Industrywide demand for airplanes is strong and would continue to improve as airlines work to replace aging fleets, buy more efficient models and continue to see passenger growth, Boeing Co chief executive officer Dave Calhoun said on Monday.
“Demand for airplanes is as robust as I’ve ever seen it,” Calhoun told reporters on the sidelines of an event at Boeing’s new headquarters in Arlington, Virginia. “I think it will get more robust.”
The demand for airplanes “is more than a bubble,” he said.
Photo: Reuters
Calhoun described the decision to move the headquarters to Arlington from Chicago, announced last month, as “not a momentary thing. It wasn’t an auction.”

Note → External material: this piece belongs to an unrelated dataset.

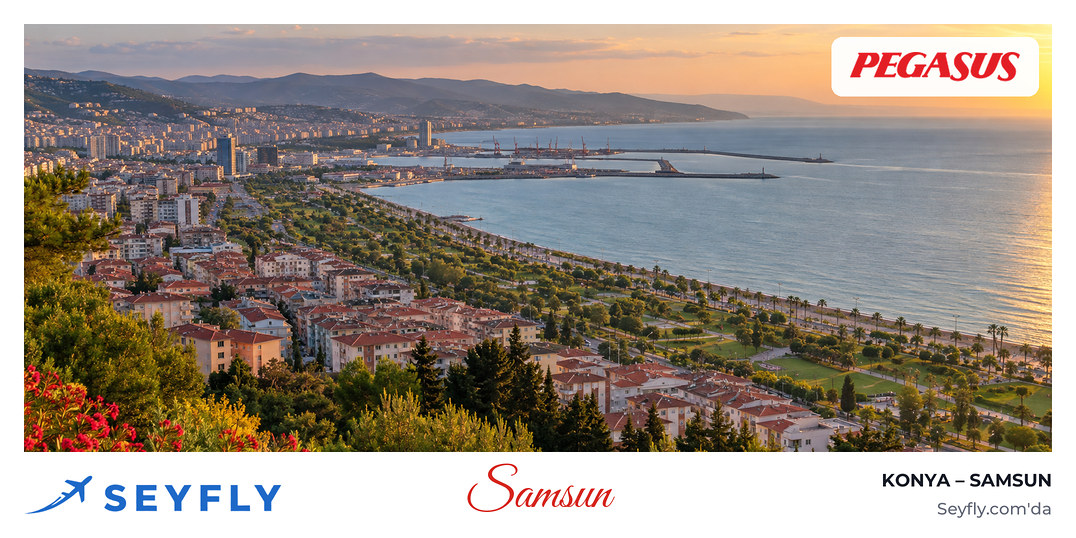 Amisos Tepesi'nden bakınca Karadeniz kıyısı boyunca yayılan Samsun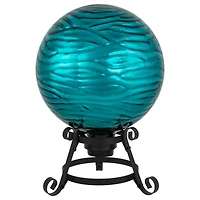 10" Turquoise Wave Outdoor Garden Gazing Ball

Calhoun said that Boeing did not consider relocating its headquarters back to Seattle, where it had been based until its move to Chicago in 2001.
“It was a simple consolidation of footprints,” he said.
Boeing, a major US defense contractor, also plans to develop a research and technology hub in the Arlington area, which is home to the Pentagon and across the Potomac River from the US capital.
“Our biggest customer in the world is right across the way — the Pentagon is the biggest in the world,” Calhoun said. “This is just a smart spot.”
Boeing’s new headquarters is in an Arlington office it has had since 2014 where it has significant unused space, and which sits just blocks from Amazon.com Inc’s second headquarters, known as HQ2, which is under construction.
“This innovation campus really got jelled when Amazon came here,” Calhoun said.
The Chicago headquarters — a 36-floor, US$200 million riverfront skyscraper — has been at the crossroads of a cost-cutting campaign for Boeing, which has shed real estate, including its commercial airplane headquarters in Seattle.
With the move to Arlington, some key executives, including Calhoun and the chief financial officer, would be based there, but not a lot more.
Asked how many jobs would move to Virginia from Chicago, Calhoun said: “Almost none — like none.”
“Seventy percent of my day no matter where I am is virtual anyway because I run a large distributed company,” Calhoun said.
Raytheon Co last week announced that it also would move its headquarters to suburban Washington, joining the other largest defense contractors in the area.
“This industry is fighting every other industry to get STEM [science, technology, engineering and mathematics] talent — that fight’s forever,” Calhoun said. “Raytheon, Northrop [Grumman], Boeing, Airbus — we’re all hunting for it.”
Asked if there was any movement on efforts to resume more airplane deliveries in China, Calhoun said that he remains “constructive, and I believe someday good things will happen, but I can’t tell you the day.”